On Improving QoE of Remote Rendered Graphics

A new class of interactive multimedia experiences leverages real-time remote rendering with video encoding to provide high quality visual experiences on low end devices, the so called thin-clients. The basic architecture entails off-loading some or all the rendering calculations of a complex computer graphics scene to a remote server, often a cloud graphics server, which renders the scene, encodes it and sends it to a client as video. The video is then decoded by the thin-client and displayed to a user. Cloud gaming and Cloud Virtual Reality (VR) are two example use cases of such experiences. These applications have two principal constraints: downstream bandwidth and motion to photon (M2P) latency.
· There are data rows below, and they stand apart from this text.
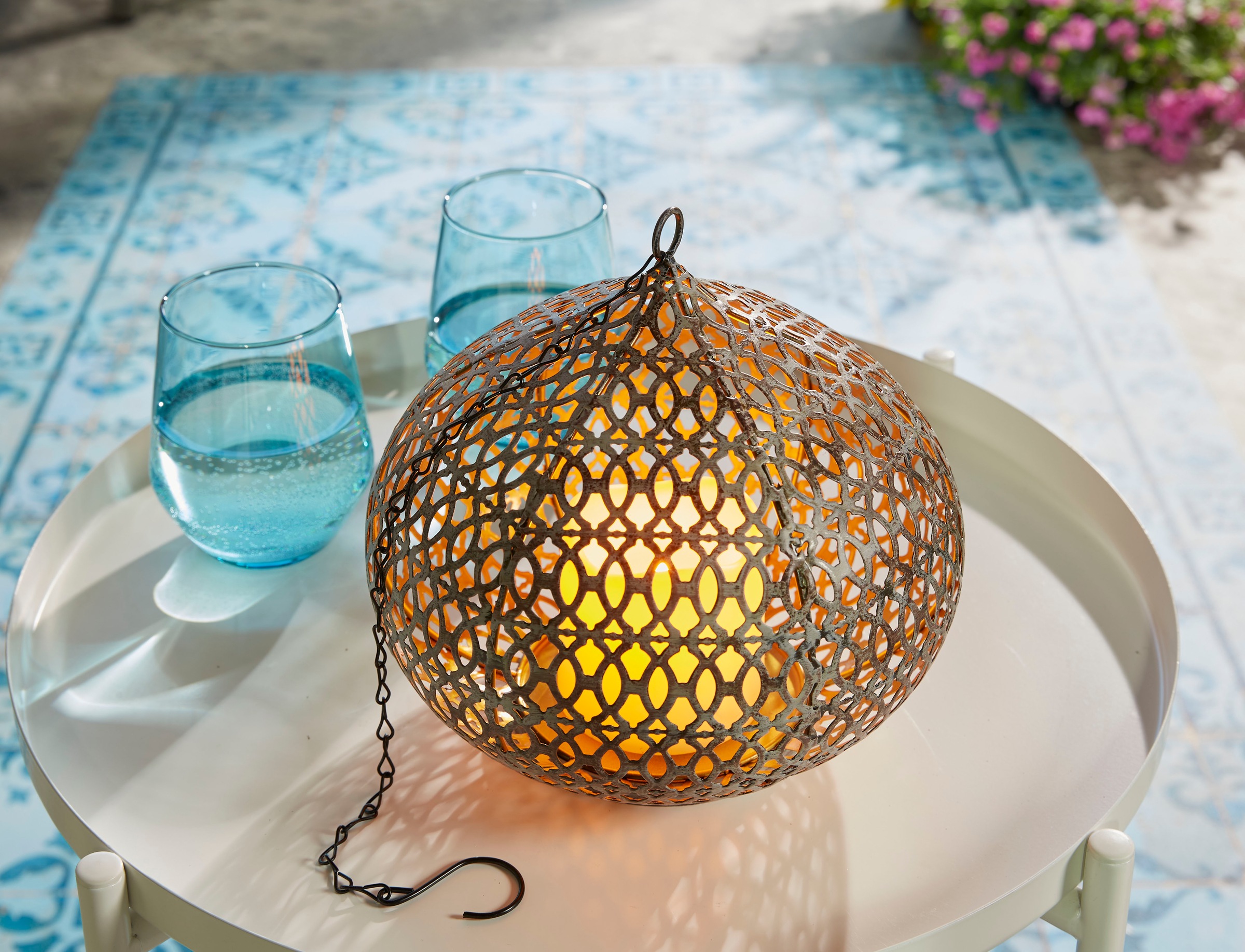 LUXFORM Außen-Tischleuchte "Wiederaufladbare USB-Gartenlampe - Edessa" LED- günstig online kaufen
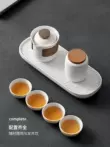 ấm trà đạo Bộ trà du lịch di động 2023 mới ngoài trời kung fu trà bộ nhà đầy đủ ấm trà pha trà văn phòng ấm trà đạo Trà sứ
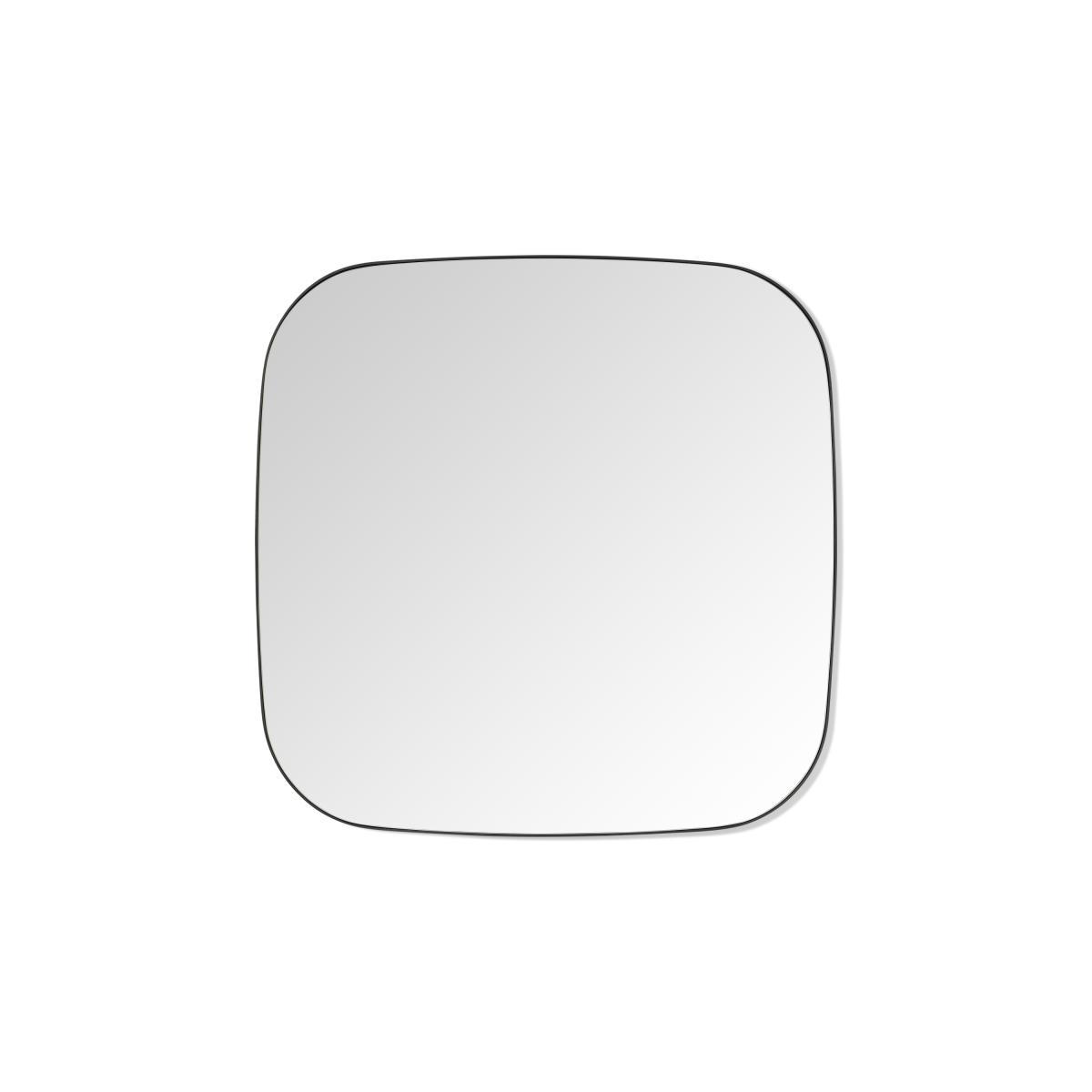 Emmerson Soft Square Mirror, 70 x 70cm, Matte Black – image 2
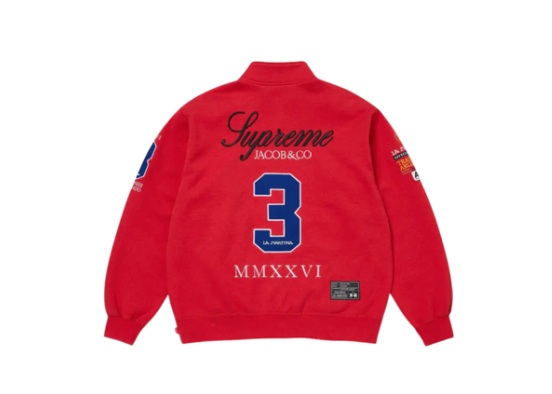Supreme La Martina Zip Up Sweatshirt Red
Quality of experience (QoE) of such applications can be improved by reducing the downstream bandwidth needed for a given visual quality of the encoded video and by reducing the perceived M2P latency; that is the perceived latency between user action and corresponding frame update at the client. In this thesis, we investigate avenues to improve QoE of remotely rendered graphics applications by addressing the above constraints. We evaluate the feasibility of leveraging the characteristics of the Human Visual System (HVS) to reduce the downstream bandwidth needed for streaming high quality graphics videos. Specifically, we investigate the phenomenon of foveation in the context of real time video encoding and evaluate different parameterizations and schemes of foveated video encoding (FVE). We also investigate whether synergies exist between FVE and foveated rendering (FR). To address the challenge of low latency requirements for interactive remotely rendered graphics applications, we investigate Machine Learning (ML) based approaches to predict human motion kinematics used to render a scene by a rendering engine. Specifically, we investigate head pose and gaze prediction using past pose and gaze data. Accurate head pose and gaze information are critical for field of view (FoV) rendering and foveated encoding or rendering respectively. The investigated approaches focus on light weight data ingest and low latency inference in order to preclude introduction of additional latency in the rendering and media delivery pipeline.